Given the entries that follow, write out exactly the lines starting at the one containing "Shower, rainfall showerhead, free" and ending at the one containing "100540296 | Photo 25", both ends included, and only those.

[Collected data entries]
■ ■ ■ ■ ■ ■ ■

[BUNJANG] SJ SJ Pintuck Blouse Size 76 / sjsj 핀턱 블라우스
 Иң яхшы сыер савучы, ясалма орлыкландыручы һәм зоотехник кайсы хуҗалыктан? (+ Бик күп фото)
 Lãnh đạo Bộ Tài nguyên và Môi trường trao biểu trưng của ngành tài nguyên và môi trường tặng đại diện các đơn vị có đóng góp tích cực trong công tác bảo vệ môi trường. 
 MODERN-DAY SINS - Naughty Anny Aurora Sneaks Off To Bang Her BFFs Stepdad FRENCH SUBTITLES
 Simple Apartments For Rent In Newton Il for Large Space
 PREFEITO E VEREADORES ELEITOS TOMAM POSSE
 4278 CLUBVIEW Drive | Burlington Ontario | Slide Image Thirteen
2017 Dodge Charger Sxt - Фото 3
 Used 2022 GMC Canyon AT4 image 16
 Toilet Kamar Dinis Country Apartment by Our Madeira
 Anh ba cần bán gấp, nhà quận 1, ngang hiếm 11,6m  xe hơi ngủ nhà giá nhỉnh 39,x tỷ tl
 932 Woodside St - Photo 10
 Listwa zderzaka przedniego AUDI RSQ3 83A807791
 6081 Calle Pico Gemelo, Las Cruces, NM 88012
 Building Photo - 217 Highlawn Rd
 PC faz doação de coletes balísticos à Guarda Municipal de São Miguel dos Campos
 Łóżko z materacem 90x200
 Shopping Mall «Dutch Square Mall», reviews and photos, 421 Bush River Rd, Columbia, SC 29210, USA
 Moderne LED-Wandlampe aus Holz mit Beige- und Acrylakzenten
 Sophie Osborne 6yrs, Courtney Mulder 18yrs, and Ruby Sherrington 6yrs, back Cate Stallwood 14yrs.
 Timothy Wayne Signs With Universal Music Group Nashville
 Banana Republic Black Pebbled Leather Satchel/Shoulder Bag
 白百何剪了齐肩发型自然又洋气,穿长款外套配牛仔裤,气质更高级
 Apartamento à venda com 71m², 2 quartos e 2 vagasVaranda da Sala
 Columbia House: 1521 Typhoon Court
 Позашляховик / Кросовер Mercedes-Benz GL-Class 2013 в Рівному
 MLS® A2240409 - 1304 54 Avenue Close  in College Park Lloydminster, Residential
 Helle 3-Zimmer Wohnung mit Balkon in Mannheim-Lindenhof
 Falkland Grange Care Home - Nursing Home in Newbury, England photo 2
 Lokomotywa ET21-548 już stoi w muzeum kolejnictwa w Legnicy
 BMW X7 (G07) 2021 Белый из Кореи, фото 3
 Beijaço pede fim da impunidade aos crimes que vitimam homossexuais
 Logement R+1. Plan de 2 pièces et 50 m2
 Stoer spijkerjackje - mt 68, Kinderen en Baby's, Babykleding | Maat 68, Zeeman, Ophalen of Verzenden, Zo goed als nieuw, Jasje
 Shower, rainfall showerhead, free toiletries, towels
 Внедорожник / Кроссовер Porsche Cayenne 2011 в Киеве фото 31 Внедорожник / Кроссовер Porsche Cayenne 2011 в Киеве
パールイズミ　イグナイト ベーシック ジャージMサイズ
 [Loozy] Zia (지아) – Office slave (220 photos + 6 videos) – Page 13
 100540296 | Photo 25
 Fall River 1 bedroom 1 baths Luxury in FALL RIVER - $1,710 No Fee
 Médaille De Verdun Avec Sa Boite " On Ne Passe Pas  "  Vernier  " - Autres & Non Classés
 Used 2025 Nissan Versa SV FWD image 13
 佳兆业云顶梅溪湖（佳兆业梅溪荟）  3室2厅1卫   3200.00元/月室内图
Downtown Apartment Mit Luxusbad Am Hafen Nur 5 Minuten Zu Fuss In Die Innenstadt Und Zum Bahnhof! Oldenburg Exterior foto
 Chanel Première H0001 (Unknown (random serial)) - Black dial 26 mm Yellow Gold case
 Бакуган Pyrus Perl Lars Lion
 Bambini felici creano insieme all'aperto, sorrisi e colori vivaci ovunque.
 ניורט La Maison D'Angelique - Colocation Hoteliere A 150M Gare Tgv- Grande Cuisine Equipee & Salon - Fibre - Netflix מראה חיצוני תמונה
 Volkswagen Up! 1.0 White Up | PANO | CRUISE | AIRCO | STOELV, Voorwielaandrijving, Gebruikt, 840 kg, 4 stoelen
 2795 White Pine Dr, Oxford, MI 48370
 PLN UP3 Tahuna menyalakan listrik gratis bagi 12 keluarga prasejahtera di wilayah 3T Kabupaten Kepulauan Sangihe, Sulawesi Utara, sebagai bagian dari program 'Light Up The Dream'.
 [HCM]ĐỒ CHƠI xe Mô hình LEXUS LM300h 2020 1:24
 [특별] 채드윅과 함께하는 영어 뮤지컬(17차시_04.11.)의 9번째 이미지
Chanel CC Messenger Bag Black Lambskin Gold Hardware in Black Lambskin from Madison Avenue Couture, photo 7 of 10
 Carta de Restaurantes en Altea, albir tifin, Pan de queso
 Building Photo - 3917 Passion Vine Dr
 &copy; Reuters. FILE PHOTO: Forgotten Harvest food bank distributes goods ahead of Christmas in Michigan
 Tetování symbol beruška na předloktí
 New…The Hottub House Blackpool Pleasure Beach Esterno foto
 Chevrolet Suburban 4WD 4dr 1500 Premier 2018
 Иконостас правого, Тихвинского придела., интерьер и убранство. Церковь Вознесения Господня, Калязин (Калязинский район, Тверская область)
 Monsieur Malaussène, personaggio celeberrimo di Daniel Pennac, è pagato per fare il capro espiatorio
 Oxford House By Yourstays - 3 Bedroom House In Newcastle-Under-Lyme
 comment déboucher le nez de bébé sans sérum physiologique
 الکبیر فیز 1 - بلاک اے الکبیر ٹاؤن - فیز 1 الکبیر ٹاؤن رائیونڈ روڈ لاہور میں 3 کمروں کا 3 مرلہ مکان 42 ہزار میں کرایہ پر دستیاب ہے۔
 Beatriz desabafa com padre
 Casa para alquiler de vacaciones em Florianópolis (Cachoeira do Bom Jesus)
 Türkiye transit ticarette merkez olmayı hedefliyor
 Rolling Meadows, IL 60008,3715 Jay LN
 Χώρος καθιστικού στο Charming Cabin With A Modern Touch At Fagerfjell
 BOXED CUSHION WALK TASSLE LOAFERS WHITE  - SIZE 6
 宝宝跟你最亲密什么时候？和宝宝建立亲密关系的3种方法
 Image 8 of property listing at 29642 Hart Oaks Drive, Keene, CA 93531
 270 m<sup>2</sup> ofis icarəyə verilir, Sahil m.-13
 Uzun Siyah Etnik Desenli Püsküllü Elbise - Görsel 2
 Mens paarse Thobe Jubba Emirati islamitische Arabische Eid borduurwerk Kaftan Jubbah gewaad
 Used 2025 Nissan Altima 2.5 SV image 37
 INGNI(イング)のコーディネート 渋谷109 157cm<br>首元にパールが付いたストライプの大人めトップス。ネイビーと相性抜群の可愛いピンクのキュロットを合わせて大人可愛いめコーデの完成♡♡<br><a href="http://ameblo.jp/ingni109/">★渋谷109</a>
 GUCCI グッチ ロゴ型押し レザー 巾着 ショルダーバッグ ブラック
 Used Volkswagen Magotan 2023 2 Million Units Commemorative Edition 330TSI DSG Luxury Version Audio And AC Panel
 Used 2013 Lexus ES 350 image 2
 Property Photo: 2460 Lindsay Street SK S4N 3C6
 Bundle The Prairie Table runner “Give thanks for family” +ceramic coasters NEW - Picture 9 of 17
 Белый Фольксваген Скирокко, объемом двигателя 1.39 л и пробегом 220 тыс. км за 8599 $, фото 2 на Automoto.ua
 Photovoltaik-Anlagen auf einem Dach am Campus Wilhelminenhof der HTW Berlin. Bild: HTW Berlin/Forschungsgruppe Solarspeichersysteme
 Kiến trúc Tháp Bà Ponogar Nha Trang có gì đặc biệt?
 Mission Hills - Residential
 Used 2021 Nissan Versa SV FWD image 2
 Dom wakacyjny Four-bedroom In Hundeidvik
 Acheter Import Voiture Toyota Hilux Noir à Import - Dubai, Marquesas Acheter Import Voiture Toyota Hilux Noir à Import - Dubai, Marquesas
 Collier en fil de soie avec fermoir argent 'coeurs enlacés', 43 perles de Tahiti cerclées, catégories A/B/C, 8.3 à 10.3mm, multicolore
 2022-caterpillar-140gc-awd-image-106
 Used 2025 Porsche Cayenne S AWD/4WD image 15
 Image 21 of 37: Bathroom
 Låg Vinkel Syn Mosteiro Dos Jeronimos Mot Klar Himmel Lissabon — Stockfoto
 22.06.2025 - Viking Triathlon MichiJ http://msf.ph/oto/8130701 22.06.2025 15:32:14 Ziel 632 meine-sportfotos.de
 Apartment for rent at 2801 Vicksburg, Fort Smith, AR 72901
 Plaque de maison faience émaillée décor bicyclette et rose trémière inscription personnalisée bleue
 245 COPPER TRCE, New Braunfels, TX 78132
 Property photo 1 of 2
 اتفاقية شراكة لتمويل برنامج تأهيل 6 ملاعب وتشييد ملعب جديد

■ ■ ■ ■ ■ ■ ■

- Reply
 Shower, rainfall showerhead, free toiletries, towels
 Внедорожник / Кроссовер Porsche Cayenne 2011 в Киеве фото 31 Внедорожник / Кроссовер Porsche Cayenne 2011 в Киеве
パールイズミ　イグナイト ベーシック ジャージMサイズ
 [Loozy] Zia (지아) – Office slave (220 photos + 6 videos) – Page 13
 100540296 | Photo 25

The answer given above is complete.